Seen in this light, private capital – the small, medium and even the large business owners – aren’t the problem. The problem is that there’s no strategy in the country to require them to contribute to the collective benefit; that is, adequate tax laws and legislation to limit those enterprises that affect the country’s ecology or the well-being and development of society as a whole.

An example of a miscarried alliance in terms of the nation as a collective was, for example, Daniel Ortega’s model of consensus and dialogue with the business sector. The company owners followed the logic of capital and their own interests. They failed to see the danger that all of society faced as those who had economic power accepted Ortega’s thousand and one maneuvers: decapitating alternatives, destroying the rule of law and the incipient democracy that we had; putting the Army under his thumb; dominating the State powers; mortgaging our country to a Chinese magnate; among many other positions that transformed his administration into a dictatorship.

That’s how it was until April of this year.

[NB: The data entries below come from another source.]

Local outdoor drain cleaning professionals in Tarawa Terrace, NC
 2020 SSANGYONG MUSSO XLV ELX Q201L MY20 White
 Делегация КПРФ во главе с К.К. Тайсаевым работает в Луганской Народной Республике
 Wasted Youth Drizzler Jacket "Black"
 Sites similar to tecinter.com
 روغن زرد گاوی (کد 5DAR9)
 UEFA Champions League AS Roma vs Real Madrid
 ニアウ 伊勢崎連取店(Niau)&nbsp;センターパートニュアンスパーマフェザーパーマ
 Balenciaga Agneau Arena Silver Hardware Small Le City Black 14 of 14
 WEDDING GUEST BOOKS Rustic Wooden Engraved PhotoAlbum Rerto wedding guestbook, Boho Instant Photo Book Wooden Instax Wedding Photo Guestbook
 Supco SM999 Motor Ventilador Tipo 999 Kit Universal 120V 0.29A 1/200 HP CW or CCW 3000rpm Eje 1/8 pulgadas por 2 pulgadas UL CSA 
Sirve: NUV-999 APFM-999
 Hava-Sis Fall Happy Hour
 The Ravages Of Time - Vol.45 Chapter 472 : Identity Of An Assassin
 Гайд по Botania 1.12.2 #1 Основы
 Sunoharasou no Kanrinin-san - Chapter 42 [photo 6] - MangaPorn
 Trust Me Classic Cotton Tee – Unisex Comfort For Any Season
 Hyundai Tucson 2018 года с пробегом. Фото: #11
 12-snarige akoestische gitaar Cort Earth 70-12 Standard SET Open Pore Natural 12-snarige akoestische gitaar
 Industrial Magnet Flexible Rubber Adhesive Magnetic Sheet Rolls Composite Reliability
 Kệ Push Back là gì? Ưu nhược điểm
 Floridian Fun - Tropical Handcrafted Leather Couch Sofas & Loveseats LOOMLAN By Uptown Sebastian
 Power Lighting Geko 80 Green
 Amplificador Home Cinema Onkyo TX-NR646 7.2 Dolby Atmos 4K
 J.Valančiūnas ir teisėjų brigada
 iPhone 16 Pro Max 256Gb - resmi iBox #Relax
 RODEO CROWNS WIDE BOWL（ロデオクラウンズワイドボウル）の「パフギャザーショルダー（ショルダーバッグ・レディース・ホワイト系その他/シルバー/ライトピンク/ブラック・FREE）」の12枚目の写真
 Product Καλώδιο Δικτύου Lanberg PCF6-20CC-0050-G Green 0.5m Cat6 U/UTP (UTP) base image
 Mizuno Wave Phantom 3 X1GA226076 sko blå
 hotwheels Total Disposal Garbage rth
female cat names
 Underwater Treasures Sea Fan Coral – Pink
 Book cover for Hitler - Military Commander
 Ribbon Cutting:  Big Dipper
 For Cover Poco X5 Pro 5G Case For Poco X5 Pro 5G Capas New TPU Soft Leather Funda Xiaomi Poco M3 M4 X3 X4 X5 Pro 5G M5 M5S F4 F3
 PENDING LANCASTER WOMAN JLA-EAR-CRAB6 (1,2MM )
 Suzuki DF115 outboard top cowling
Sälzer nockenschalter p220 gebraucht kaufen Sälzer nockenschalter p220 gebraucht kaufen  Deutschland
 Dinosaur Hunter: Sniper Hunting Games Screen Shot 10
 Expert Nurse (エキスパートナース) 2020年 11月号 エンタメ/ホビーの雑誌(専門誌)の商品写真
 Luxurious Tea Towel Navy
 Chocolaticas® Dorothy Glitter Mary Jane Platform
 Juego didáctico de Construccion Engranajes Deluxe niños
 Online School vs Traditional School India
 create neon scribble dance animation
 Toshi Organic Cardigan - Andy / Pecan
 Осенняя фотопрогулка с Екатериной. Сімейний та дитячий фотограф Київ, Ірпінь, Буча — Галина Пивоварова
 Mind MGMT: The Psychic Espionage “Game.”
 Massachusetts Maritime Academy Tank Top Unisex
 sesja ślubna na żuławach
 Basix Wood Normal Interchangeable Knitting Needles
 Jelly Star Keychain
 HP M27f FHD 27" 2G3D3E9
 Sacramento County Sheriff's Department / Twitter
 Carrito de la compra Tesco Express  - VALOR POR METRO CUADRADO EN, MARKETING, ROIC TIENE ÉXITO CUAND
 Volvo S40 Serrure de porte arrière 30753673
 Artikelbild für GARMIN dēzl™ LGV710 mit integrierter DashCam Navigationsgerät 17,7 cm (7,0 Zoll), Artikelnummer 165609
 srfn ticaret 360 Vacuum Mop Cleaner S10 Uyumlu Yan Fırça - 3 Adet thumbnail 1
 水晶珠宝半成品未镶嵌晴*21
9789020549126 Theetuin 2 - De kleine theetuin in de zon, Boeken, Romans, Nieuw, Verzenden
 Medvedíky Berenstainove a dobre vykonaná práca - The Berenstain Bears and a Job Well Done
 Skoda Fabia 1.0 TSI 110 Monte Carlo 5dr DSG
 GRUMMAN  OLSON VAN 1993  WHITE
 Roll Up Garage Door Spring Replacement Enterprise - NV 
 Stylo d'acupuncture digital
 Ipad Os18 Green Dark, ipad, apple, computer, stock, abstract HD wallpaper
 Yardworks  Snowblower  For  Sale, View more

The social explosion surprised the business community as much as the rest of Nicaraguans.  Finding themselves at this juncture, the business community recognized their mistake and opted to support the popular rebellion, nominate representatives to the National Dialogue and, finally, climb aboard the train of the protest against Ortega. Their losses have been great, and now Ortega is affecting them directly with the land takeovers that he’s encouraged all over the country.

Just like the rest of the citizens, if Daniel Ortega remains in power, private enterprise faces a dubious and unstable future. It’s obvious that the government has opted for a strategy of chaos and destruction whose objective is to quash the rebellion, no matter what the cost. We must be clear that at this juncture there are only two roads: resist or surrender. Some weeks ago, it might have been possible to attempt reaching an agreement for early elections, but at this point that road has been closed off by Ortega himself. If we surrender, we’ll have a vengeful government that will flaunt its power by humiliating and persecuting whoever they choose – including private enterprise.

The people have demonstrated that they’re ready, that they’ve emerged from the spell that kept them docile for eleven years. They’ve put up the dead, and their valor and tenacity have been extraordinary. On an international level, Ortega is extremely weakened and isolated. We shouldn’t deceive ourselves thinking that removing some roadblocks and bringing out his Hilux pick-ups full of hitmen is a show of power. On the contrary, it’s a regrettable decision that has transformed him into a leader that murders his own people, another Somoza capable of being a monster, and as such a government that, according to the latest Cid-Gallup poll, 70% of the people oppose. That percentage might reach 80 because the Sandinista bastion of support itself has fractured and abandoned ship. To say that we’re the majority isn’t a euphemism.

I believe it’s important that private business not be afraid that the eighties will be repeated here, with closed minds that will want the country’s public policies to return to those years. Private enterprise is and will continue to be capitalist. It’s their essence. And in a democratic society like the one we dream of constructing, they have a fundamental place in contributing to development and the general welfare. For the same reason, it’s time we laid to one side the prejudices that in no way benefit us. And it’s also time that they come to the full realization that in this situation it’s our turn to push with everything we have, so that this chaos and Daniel Ortega’s scorched earth strategy fail. It’s the hour of unity, the hour to bring forth a silence so as to hear the footsteps of the tyrant as he departs.